Jason Carter

No. 11
- Position:: Wide receiver

Personal information
- Born:: September 15, 1982 (age 42) Caldwell, Texas, U.S.
- Height:: 6 ft 0 in (1.83 m)
- Weight:: 205 lb (93 kg)

Career information
- College:: Texas A&M
- Undrafted:: 2006

Career history
- Minnesota Vikings (2006); Carolina Panthers (2007–2008); Toronto Argonauts (2009);
- Stats at Pro Football Reference

= Jason Carter (gridiron football) =

American gridiron football player (born 1982)
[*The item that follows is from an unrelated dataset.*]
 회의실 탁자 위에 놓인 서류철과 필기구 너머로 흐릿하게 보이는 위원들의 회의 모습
Jason Edward Carter (born September 15, 1982) is a former professional football wide receiver. He played for the Minnesota Vikings and Carolina Panthers of the National Football League (NFL). Carter played college football at Texas A&M.

==Early life==
As a senior at Caldwell High School, Carter threw for 1,087 yards and rushed for 599 as a quarterback.

==College career==
Carter played at Texas A&M as a QB/WR from the 2002–2005 seasons. During his four seasons on the team he had 6 receiving TDs and 5 rushing TDs. He majored in agriculture and life sciences.

==Professional career==

===Minnesota Vikings===
Carter entered the NFL as undrafted rookie free agent, signing with the Minnesota Vikings in 2006. He signed with the team on May 3, 2006. He spent time on their active roster and practice squad throughout the 2006 season. He only saw playing time during the final game of the season against the St. Louis Rams, though he failed to make any receptions. He attended training camp with the Vikings in 2007 but was cut at the end of camp.

===Carolina Panthers===
He was signed to the Panthers practice squad on September 3, 2007, and 2010.

In the Panthers' 2008 offseason practices, Carter's play has stood out. Carter later tore his ACL and was placed on injured reserve ending his season.
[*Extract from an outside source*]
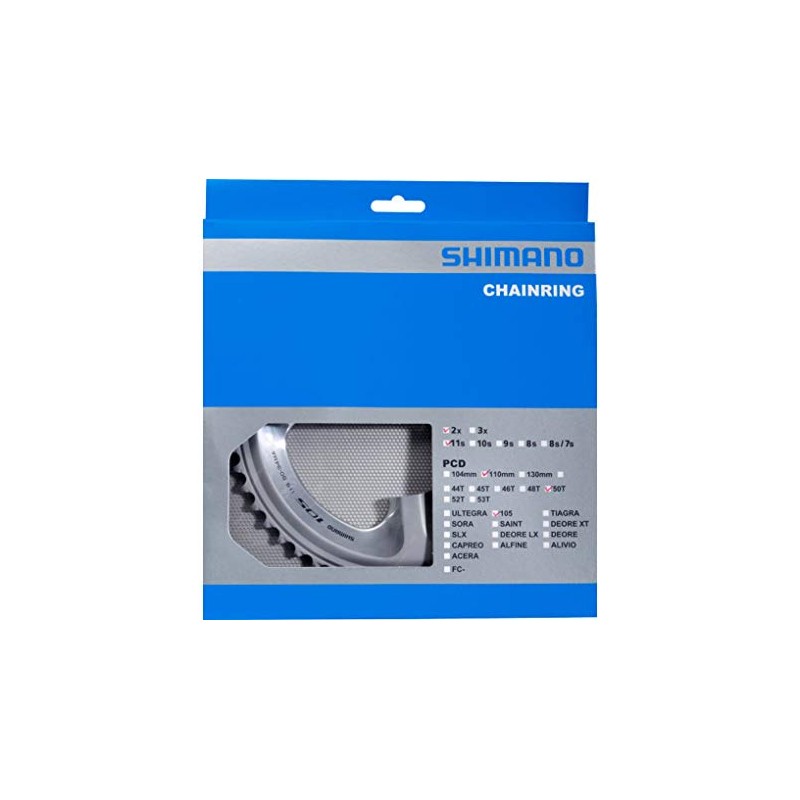Shimano FC-5800 chainring 34T-MA for 50-34T, silver silver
A restricted free agent in the 2009 offseason, Carter was not tendered a contract by the Panthers. However, the team eventually re-signed him on April 7. He was waived on August 24 when the team signed safety Kevin Kaesviharn.

===Toronto Argonauts===
On September 1, 2009, the Toronto Argonauts of the Canadian Football League signed Carter to a practice roster agreement. Soon after, he would eventually join the active roster. Carter finished the 2009 CFL season with 43 receptions for 535 yards and 1 touchdown. On June 24, 2010, Carter was released by the Argonauts.